● Is your current water heater 10 years or older?
● Do you want to lower your monthly energy/utility bills?
● Is your family complaining about running out of hot
● As you turn on a faucet, are you counting the minutes
waiting for hot water?
If you answered yes, then not only do you need a new water
heater, but you may want to see if a tankless water heater is
best for you and your family.
How Does a Tankless Water Heater Work?
Tankless water heaters heat water directly without the use of a storage tank. When a hot water faucet is turned on, cold water travels through a pipe into the unit. Either a gas burner or an electric element will heat the water. Because it is being heated immediately, tankless water heaters deliver a constant supply of hot water. You won’t need to wait for a storage tank to fill
up with enough hot water before the hot water gets to you. However, because of this process, a tankless water heater’s output limits the water flow rate.
According to energy.gov, a tankless water heater provides hot water at a rate of 2 to 5 gallons (7.6 to 15.2 liters) per minute. If your tankless water heater is gas-fired tankless it will produce a higher flow rate than an electric one. This is something you may want to consider before making your water heater choice. Also, even the largest, gas-fired model cannot supply enough hot water for simultaneous, multiple uses in large households. For example, taking a shower and running the dishwasher at the same time can stretch a tankless water heater to its limit. If you still want a tankless water heater and you know it won’t produce enough hot water for a large active family, you can install multiple tankless water heaters, connected in parallel for simultaneous demands of hot water. You can also install separate tankless water heaters for
appliances, such as clothes washers or dishwashers.
Advantages and Disadvantages
Energy.gov, also tells us, if you use 41 gallons or less of hot water daily, demand water heaters can be 24% to 34% more energy-efficient than conventional storage-tank water heaters. They can be 8% to 14% more energy efficient for homes that use a lot of hot water – around 86 gallons per day. You can achieve even greater energy savings of 27% to 50% if you install a demand water heater at each hot water outlet.
Although tankless water heaters can avoid the standby heat losses associated with storage tank water heaters, they can waste energy if they have a constantly burning pilot light. This can sometimes offset the anticipated energy saving you want from a tankless water heater compared to a standard storage tank model. To avoid energy loss with a gas-fired tankless water
heater you can always turn off the pilot light until the hot water is needed. You can also consider models that have an intermittent ignition device (IID) instead of a standing pilot light. This device resembles the spark ignition device on some gas kitchen ranges and ovens. The purchase cost of a tankless water heater is usually greater than that of a conventional storage water heater, but tankless water heaters will typically last longer and have lower operating and energy costs. This can often offset its higher purchase price. Most tankless water heaters have a life expectancy of more than 20 years. They also have easily replaceable parts that extend their life by many more years. In comparison, storage water heaters usually last between 10–15 years.

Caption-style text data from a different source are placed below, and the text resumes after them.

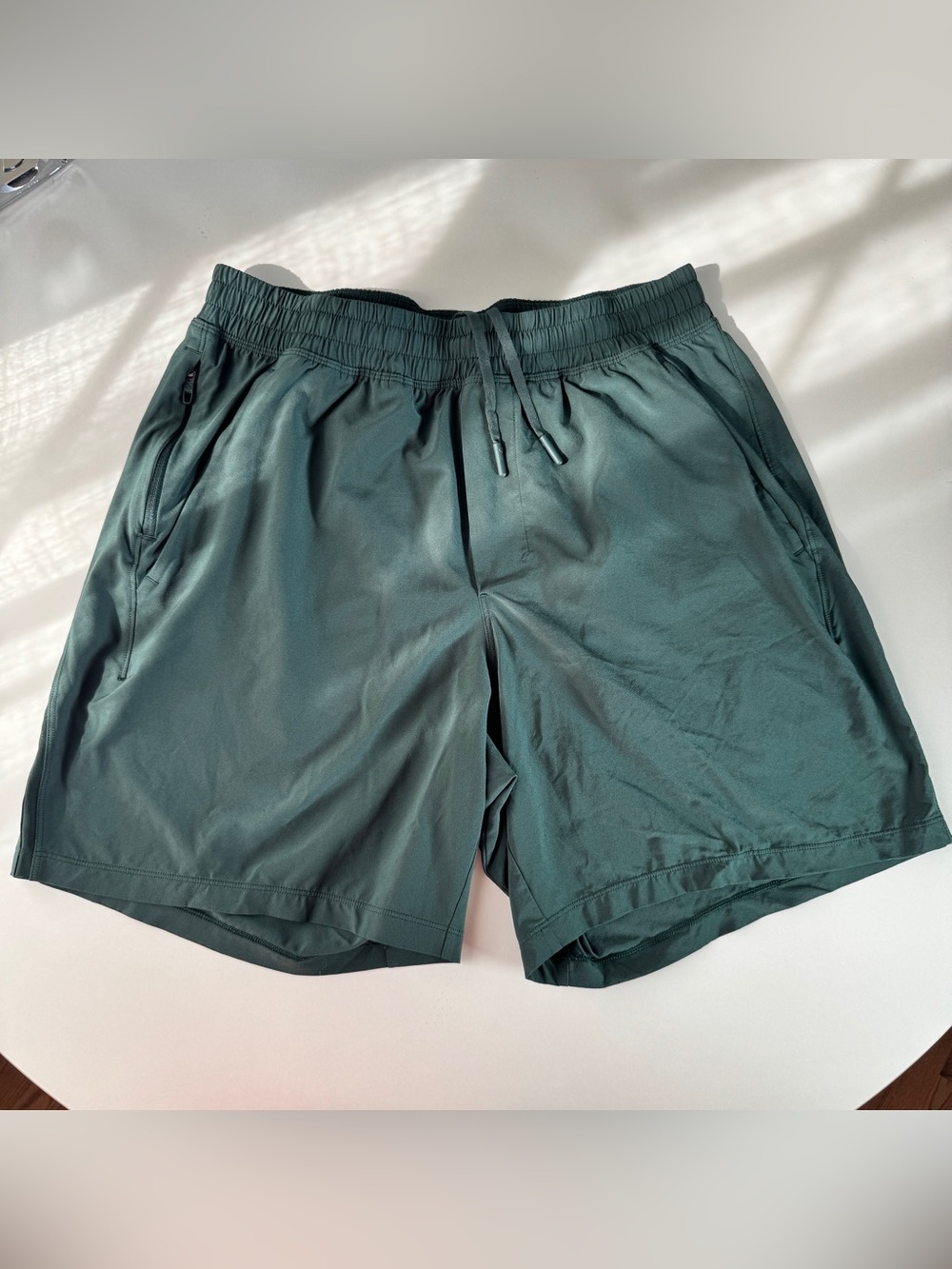 Lululemon Athletic Men's Size M Pace Breaker Shorts 7'' Length Deep Green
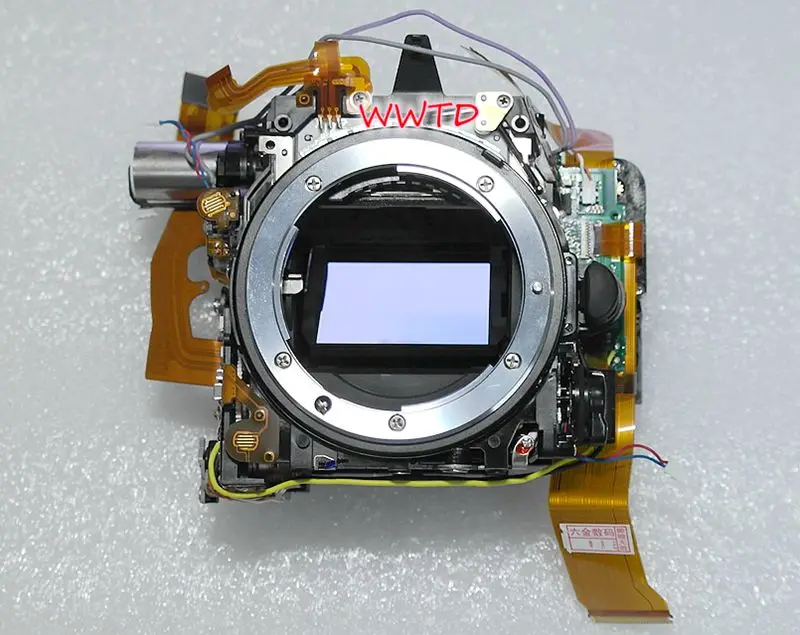  D750 1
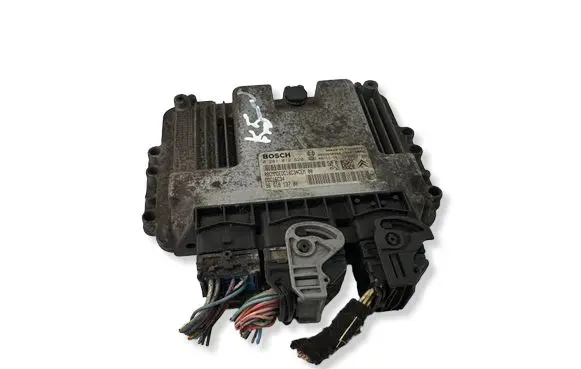 Peugeot 3008 I Engine control unit/module 9653958980 9661813780 0281012620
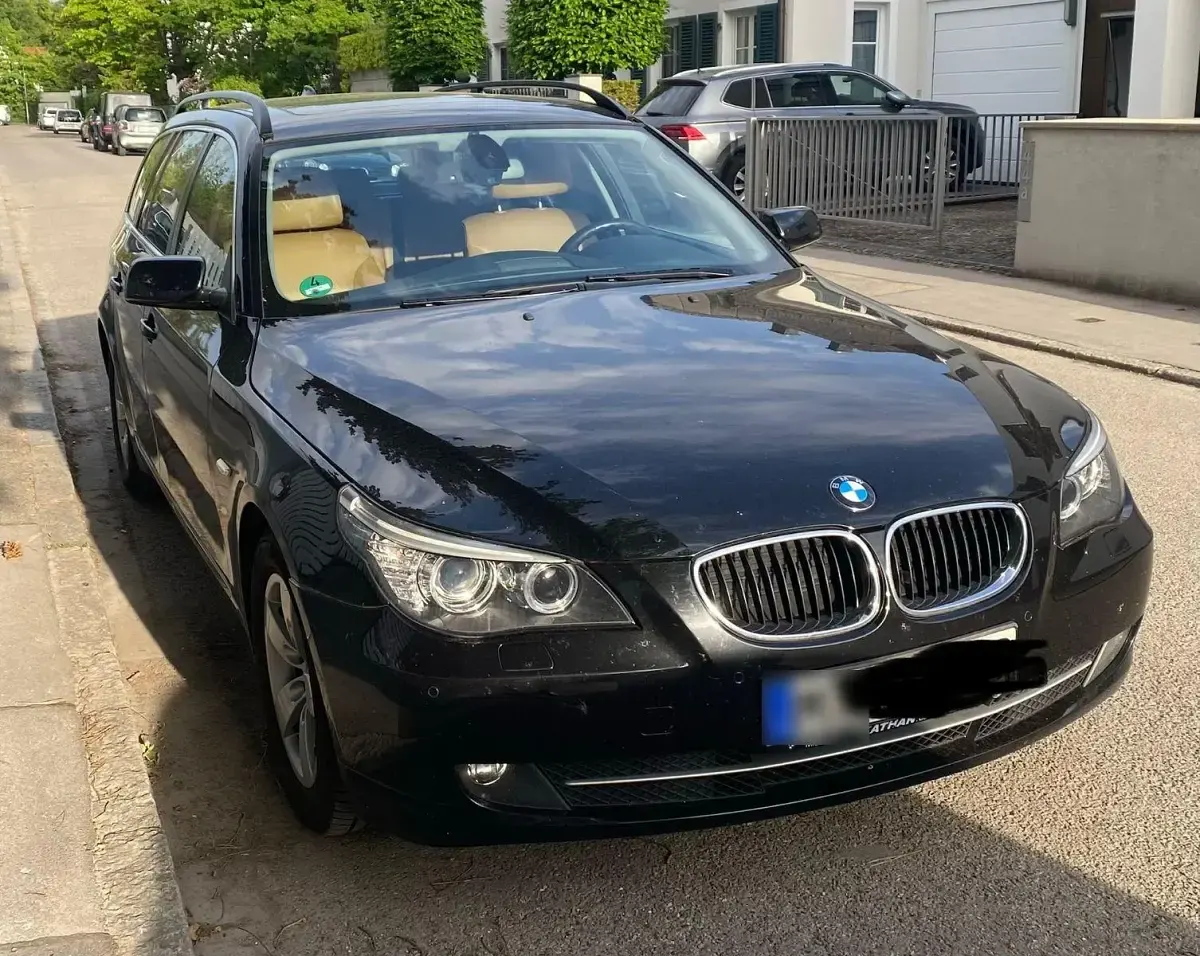Gebraucht BMW 520 Advantage 177 PS (130 kW) 2009 Schwarz Kombi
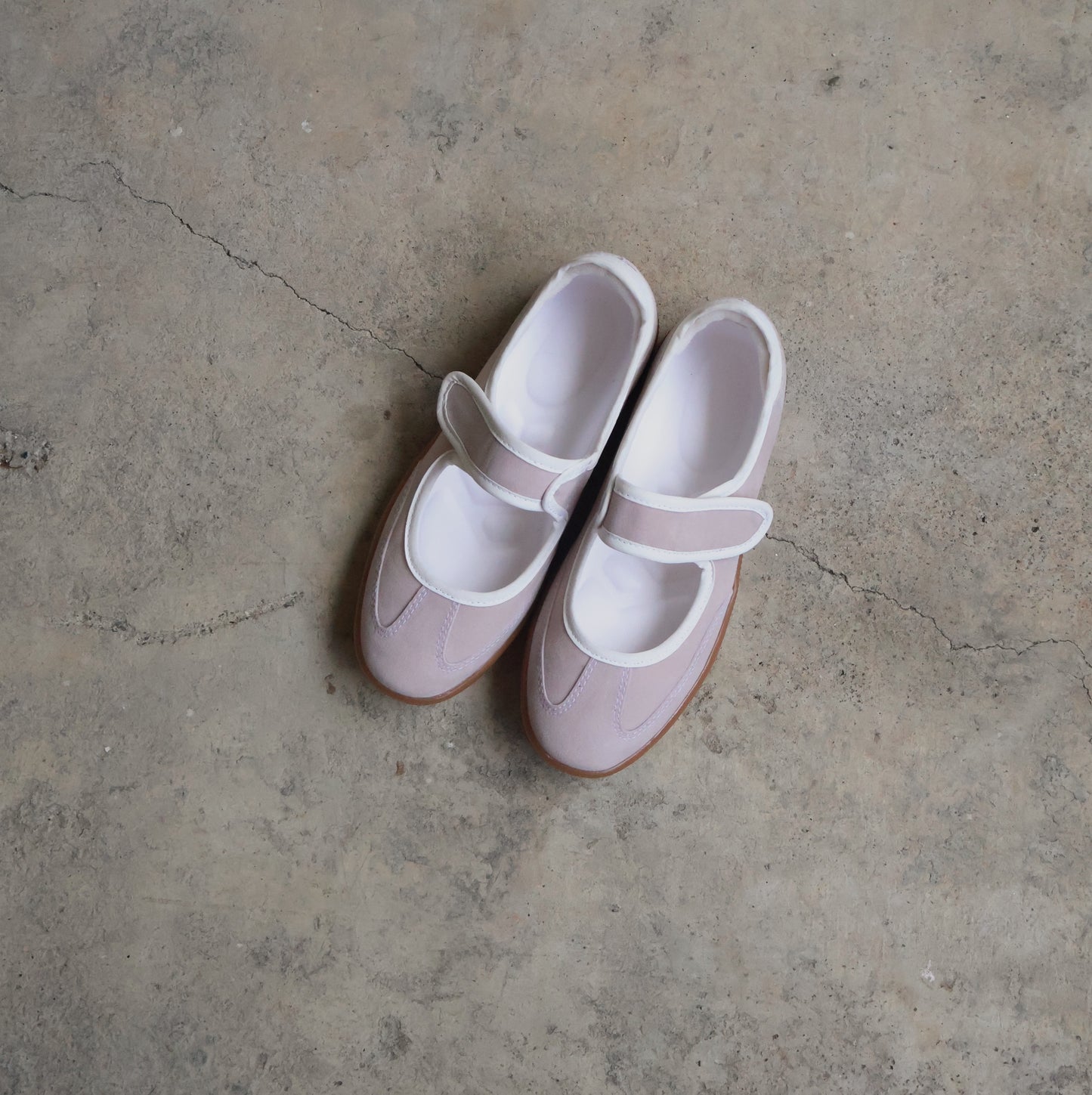 Sneaky MJ Soft Pink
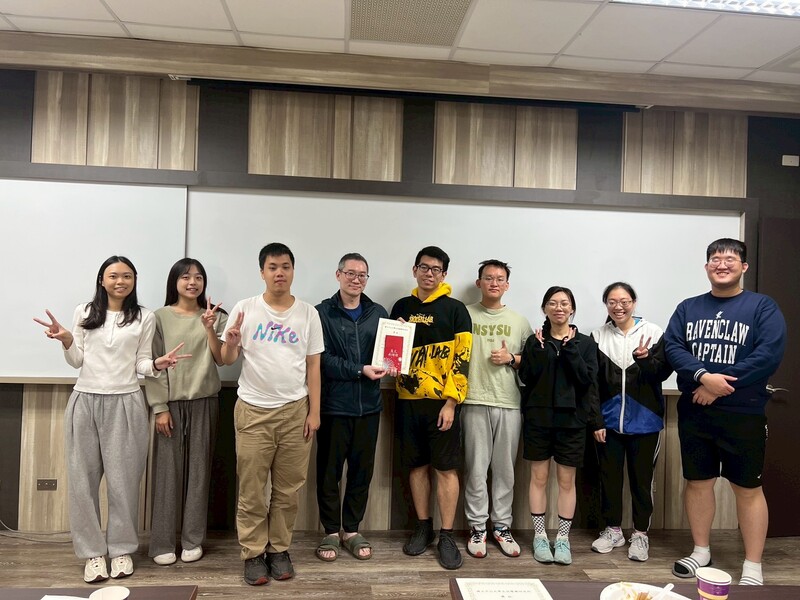 頒獎~羽球第二名：球一落地就回家圖片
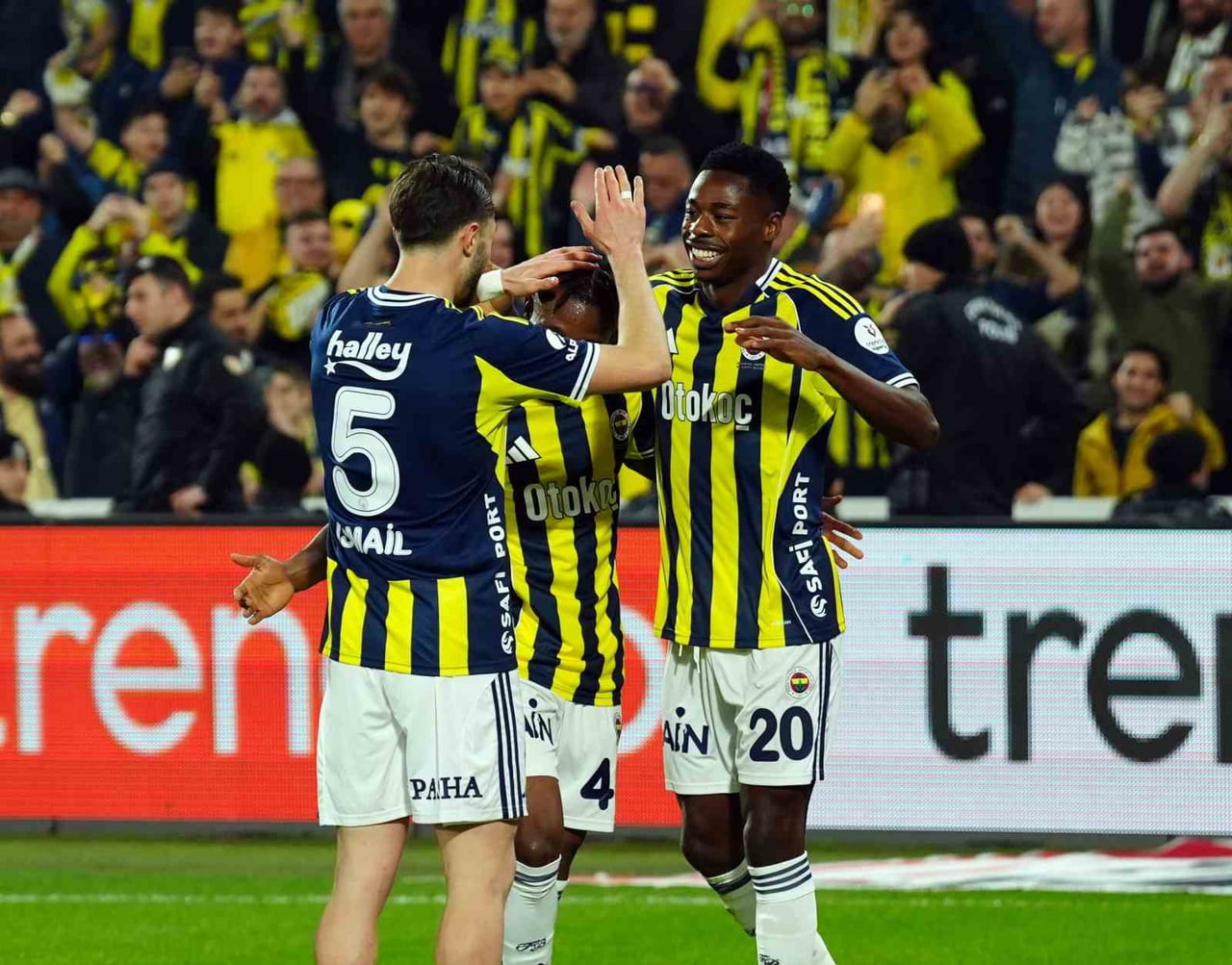 FENERBAHÇE’NİN MALİLİ OYUNCUSU DORGELES NENE, GÖZTEPE MAÇINDA ATTIĞI GOLLE BU SEZON 4. GOLÜNÜ...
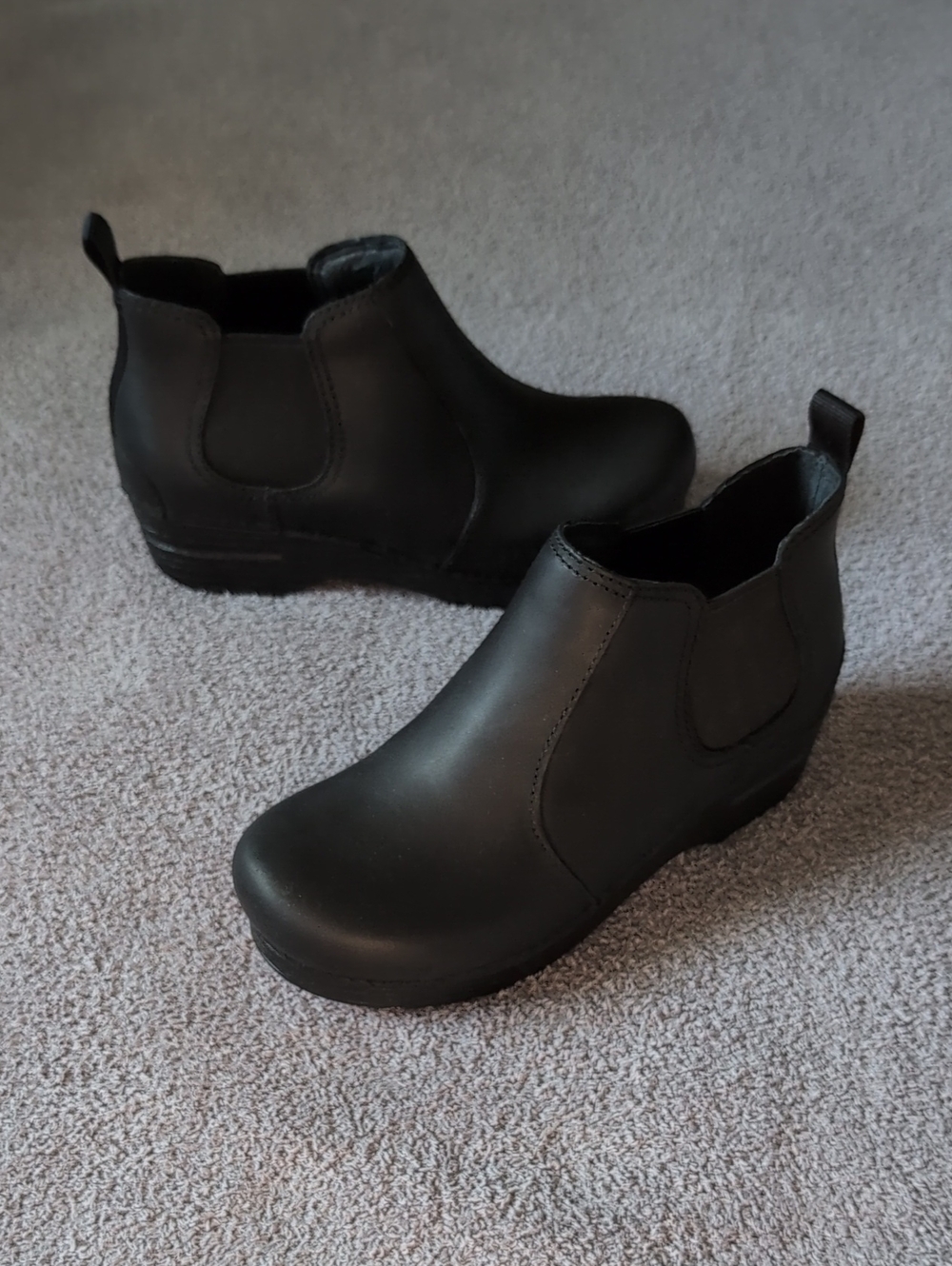 NWOT Dansko Black Frankie Chelsea-Style Ankle Booties Size 37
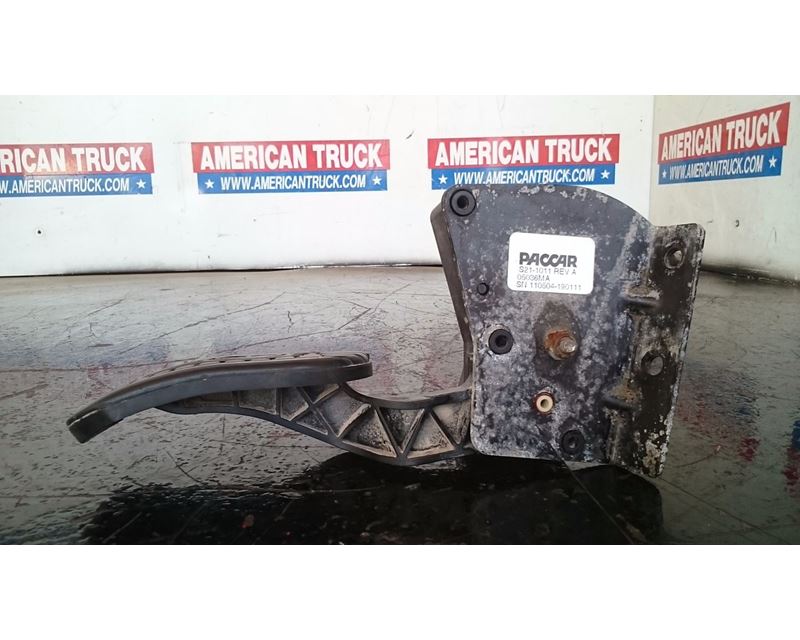 Used Accelerator Pedal With Williams Controls Sensor 134734 For 2012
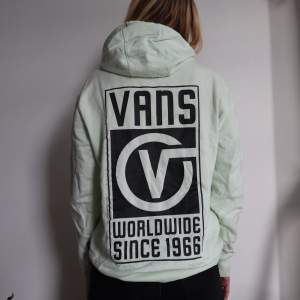 Mint grön Vans hoodie. Perfekt skick! Säljer då jag ej använder längre 🧚🏽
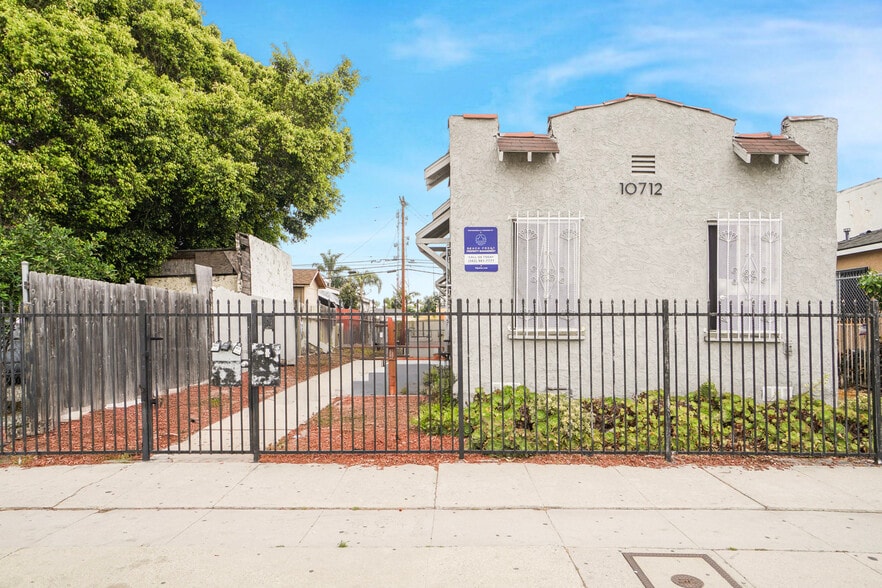 10712 S Broadway, Los Angeles, CA à vendre - Photo principale - Image 1 de 9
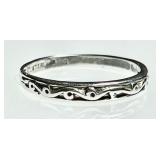 Dainty sterling silver ring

Selecting an On-Demand Water Heater
Before buying a demand water heater, you also need to consider the following:
● Fuel type and availability
● Energy efficiency
Installation and Maintenance
Proper installation, sizing, and maintenance of your demand water heater can optimize its energy efficiency. Many factors need to be considered for an on-demand water tank’s proper installation. These include fuel type, climate, local building code requirements, and safety issues, especially concerning the combustion of gas-fired water heaters. Make sure you have a qualified
professional go over these factors before making your decision. Make sure you do your due diligence when looking for a qualified professional.
● Request cost estimates in writing
● Ask for references
● Check the company with your local Better Business Bureau
● See if the company will obtain a local township permit if necessary.
Also, remember you want to purchase a water heater that offers a warranty. Yearly water heater maintenance can significantly extend your water heater’s life and minimize loss of efficiency. Read your owner’s manual for specific maintenance recommendations.